We were vaguely aware of a religious underpinning to this ritual: the name Shrove Tuesday was also mentioned, but we never clearly understood what “Shroves” were either, or why they might have had a Tuesday named for them. Similar confusion swirled around the other capitalized weekdays which followed on in quick succession: Ash Wednesday, Maunday Thursday, Good Friday… Why did none of those have special foods?
The pancakes served for our Pancake Tuesday dinner weren’t the usual variety. They were the more sophisticated cousins of the pancake family: each one as large as a plate, steaming, fragrant, and paper thin. When we grew more worldly, and became aware of ethnic cuisines other Generic WASP, we would belatedly recognize them as crêpes. Standing over the stove, my mum would make an entire batch of them at once, stacking the pancakes up like pages from some edible manuscript, the whole tender volume held in the oven until she was done, covered and kept warm under a sheet of foil.
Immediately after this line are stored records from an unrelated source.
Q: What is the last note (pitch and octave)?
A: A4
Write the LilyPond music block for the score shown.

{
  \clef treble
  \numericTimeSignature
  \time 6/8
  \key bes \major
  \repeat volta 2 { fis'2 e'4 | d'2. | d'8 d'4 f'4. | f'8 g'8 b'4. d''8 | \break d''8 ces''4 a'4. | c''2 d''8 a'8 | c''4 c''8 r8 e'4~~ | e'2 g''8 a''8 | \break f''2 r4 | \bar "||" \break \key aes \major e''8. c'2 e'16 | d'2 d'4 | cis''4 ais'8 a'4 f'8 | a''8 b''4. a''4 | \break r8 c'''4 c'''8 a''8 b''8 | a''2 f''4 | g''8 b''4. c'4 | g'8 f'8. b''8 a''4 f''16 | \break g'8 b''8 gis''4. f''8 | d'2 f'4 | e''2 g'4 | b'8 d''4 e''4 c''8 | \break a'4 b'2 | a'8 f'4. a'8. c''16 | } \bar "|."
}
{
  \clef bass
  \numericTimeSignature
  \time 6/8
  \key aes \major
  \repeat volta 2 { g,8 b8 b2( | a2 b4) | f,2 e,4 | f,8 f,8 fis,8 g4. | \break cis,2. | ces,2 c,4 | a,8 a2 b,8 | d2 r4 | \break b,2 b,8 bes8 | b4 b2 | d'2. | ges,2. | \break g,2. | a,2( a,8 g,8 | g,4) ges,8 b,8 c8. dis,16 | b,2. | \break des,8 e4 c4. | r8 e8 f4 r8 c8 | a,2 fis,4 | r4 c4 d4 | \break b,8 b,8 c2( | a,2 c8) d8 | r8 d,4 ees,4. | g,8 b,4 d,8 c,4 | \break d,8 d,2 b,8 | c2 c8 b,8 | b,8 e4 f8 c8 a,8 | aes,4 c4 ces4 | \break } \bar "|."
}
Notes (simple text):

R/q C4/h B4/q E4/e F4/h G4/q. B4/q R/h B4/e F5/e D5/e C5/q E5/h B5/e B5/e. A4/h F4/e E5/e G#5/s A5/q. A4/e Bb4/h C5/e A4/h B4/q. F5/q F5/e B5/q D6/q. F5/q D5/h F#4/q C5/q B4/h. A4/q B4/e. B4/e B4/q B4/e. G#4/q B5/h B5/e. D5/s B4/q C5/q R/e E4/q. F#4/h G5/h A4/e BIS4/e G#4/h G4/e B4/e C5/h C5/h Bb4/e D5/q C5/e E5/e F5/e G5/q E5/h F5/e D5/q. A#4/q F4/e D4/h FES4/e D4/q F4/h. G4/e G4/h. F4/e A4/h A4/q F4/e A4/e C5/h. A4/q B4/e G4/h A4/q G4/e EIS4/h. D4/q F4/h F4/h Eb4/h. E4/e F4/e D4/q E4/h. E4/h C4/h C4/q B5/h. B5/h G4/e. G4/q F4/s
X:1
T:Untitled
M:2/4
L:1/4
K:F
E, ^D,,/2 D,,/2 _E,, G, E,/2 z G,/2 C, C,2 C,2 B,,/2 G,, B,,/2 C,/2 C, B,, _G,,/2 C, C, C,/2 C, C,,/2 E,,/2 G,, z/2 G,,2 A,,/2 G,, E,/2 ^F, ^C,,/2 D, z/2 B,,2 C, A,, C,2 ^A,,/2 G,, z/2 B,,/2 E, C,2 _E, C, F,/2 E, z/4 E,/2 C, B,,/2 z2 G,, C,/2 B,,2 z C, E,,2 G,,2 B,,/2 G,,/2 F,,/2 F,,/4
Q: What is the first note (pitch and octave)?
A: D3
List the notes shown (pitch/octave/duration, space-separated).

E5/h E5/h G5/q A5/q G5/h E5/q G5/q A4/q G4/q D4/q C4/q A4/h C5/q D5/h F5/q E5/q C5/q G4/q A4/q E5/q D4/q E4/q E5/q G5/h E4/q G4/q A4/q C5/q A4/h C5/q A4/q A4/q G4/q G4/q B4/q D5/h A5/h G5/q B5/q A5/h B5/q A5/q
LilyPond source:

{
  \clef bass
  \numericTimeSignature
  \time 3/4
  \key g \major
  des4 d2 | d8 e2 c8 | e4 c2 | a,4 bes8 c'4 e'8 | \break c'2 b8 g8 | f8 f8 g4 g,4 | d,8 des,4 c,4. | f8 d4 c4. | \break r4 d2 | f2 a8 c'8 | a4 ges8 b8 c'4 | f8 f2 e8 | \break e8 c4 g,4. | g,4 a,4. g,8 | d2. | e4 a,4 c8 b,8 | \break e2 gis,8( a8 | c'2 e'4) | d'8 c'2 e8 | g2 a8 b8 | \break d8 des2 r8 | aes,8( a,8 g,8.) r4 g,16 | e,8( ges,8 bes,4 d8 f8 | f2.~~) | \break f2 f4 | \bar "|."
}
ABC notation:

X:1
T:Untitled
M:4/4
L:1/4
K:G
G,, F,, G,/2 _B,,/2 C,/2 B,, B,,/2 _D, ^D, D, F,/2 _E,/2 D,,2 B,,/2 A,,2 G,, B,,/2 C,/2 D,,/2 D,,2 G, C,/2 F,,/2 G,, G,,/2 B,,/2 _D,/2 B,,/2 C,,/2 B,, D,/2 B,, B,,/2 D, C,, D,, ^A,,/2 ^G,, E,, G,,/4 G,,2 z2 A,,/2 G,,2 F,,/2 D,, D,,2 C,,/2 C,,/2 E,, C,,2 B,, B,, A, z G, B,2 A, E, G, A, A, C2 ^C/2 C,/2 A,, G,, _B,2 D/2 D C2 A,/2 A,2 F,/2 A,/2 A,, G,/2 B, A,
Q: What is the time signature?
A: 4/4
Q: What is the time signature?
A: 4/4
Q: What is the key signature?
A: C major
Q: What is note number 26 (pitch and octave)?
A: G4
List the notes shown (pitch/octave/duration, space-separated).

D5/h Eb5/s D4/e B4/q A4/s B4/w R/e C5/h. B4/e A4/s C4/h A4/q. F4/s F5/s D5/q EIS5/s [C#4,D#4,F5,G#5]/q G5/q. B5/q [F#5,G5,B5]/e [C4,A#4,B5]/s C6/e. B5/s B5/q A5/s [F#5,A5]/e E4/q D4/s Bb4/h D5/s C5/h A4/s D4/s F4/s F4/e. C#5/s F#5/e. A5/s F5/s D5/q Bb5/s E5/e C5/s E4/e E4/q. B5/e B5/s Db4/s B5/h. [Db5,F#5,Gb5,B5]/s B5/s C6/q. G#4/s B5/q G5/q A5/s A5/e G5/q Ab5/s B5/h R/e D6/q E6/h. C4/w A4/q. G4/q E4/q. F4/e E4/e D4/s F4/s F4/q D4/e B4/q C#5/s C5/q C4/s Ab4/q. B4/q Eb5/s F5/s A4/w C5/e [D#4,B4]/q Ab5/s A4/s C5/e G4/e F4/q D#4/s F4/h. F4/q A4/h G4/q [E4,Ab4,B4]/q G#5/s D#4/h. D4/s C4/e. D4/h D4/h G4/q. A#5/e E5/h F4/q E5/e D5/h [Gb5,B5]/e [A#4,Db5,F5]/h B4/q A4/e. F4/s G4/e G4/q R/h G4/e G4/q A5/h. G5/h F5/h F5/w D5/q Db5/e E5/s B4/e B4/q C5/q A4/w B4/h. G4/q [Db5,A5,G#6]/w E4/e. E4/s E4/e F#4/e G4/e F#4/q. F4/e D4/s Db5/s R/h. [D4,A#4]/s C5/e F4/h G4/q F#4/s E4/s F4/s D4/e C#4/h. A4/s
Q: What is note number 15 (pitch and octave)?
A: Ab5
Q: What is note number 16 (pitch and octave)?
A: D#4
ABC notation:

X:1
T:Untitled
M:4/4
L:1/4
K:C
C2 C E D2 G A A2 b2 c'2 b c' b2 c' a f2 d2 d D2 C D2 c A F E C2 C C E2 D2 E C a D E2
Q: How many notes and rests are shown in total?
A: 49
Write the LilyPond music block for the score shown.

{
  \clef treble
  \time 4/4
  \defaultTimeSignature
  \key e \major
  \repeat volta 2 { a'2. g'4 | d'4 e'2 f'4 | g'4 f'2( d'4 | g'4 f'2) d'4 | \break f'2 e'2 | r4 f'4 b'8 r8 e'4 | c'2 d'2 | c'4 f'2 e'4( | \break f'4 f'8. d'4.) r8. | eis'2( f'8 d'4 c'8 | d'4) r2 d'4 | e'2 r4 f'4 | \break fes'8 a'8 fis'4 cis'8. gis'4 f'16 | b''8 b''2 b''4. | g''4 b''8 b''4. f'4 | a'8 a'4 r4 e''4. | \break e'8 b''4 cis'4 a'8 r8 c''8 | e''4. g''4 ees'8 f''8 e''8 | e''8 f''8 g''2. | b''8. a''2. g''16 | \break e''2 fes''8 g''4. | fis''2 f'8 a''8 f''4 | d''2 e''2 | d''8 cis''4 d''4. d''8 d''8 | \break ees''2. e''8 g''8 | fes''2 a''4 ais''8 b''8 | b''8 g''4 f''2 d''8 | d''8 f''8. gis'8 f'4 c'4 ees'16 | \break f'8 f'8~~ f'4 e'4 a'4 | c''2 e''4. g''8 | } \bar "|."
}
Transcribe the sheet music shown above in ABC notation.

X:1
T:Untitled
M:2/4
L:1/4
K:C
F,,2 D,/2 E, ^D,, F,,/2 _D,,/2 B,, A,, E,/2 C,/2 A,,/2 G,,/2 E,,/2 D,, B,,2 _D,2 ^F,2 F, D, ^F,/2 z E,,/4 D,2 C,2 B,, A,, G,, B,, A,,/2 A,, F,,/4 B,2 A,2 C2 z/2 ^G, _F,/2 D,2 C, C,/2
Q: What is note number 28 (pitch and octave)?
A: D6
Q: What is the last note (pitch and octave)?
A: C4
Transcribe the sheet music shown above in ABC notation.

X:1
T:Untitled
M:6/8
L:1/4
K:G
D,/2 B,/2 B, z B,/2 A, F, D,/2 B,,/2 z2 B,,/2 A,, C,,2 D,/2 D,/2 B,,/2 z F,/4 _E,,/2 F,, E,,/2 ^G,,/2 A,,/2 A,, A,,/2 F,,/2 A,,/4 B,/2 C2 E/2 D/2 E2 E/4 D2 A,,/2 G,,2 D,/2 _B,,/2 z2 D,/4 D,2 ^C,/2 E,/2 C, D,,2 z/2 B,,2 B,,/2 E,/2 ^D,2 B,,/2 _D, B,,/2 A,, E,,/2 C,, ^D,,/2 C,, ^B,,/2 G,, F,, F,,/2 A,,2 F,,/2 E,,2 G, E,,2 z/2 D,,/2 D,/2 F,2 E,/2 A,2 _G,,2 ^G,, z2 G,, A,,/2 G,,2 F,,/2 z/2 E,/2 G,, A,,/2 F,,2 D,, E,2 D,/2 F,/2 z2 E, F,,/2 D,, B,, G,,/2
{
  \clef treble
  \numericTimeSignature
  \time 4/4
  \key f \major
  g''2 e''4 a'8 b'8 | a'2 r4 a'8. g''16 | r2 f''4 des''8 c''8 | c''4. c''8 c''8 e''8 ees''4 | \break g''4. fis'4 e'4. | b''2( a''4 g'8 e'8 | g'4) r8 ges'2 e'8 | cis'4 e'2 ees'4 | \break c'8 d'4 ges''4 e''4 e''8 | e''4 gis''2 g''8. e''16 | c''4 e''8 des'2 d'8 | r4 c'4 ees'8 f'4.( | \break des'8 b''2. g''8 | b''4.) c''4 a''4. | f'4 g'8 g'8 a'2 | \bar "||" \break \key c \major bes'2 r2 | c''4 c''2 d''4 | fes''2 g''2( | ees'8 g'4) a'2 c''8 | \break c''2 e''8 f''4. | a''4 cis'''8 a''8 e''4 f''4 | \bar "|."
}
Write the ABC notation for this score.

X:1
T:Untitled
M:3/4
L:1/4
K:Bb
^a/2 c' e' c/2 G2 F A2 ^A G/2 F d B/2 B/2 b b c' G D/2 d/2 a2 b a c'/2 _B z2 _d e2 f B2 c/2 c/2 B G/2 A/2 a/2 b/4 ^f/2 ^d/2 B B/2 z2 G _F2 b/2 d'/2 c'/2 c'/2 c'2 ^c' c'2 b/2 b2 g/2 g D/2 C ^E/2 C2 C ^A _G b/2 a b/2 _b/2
Once seated, the stacked-high platter would be brought to the table, and it seemed to take forever to diminish it. One by one we’d each peel a pancake off the heap and pave our plate with it. Quartered oranges and lemons in a bowl: you’d pick one out and squeeze it, drizzling the fresh juice over the hot, soft surface. Next a heaped spoonful of sugar scattered in a glittering dazzle, the crystals dissolving instantly in the juices.
The ritual then culminating in The Roll: with fingertips from any point on the perimeter, the pancake swiftly rolled towards its center. The disk recreated as a tube, and held together by the citrus-sugar glue. Knife-and-forked into tender 2” sections, and swallowed in a blur of cutlery and teeth.
My annual observation of Pancake Tuesday ceased when I left home. A couple of my siblings still maintained the tradition, but I always seemed to miss it by a day or so. This year, though, I remembered just in time, and we took a stutter-step towards a proper recognition of the day.
Not the traditional crêpe-style cakes — we’ll ramp up to those next year. But I figure even an “Awesome Twosome” breakfast at the boring local eatery (two eggs, two pieces of bacon, two sausages, and more importantly: two pancakes) was a step in the right direction.